• [Collected material]
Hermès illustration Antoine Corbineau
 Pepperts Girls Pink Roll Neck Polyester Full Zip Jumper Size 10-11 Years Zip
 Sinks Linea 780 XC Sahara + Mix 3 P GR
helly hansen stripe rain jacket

• [What to work on] Your answer must be the line containing "Sinks Linea 780 XC Sahara + Mix 3 P GR" through the last line above, copied exactly, with nothing added.

• [Written answer]
 Sinks Linea 780 XC Sahara + Mix 3 P GR
helly hansen stripe rain jacket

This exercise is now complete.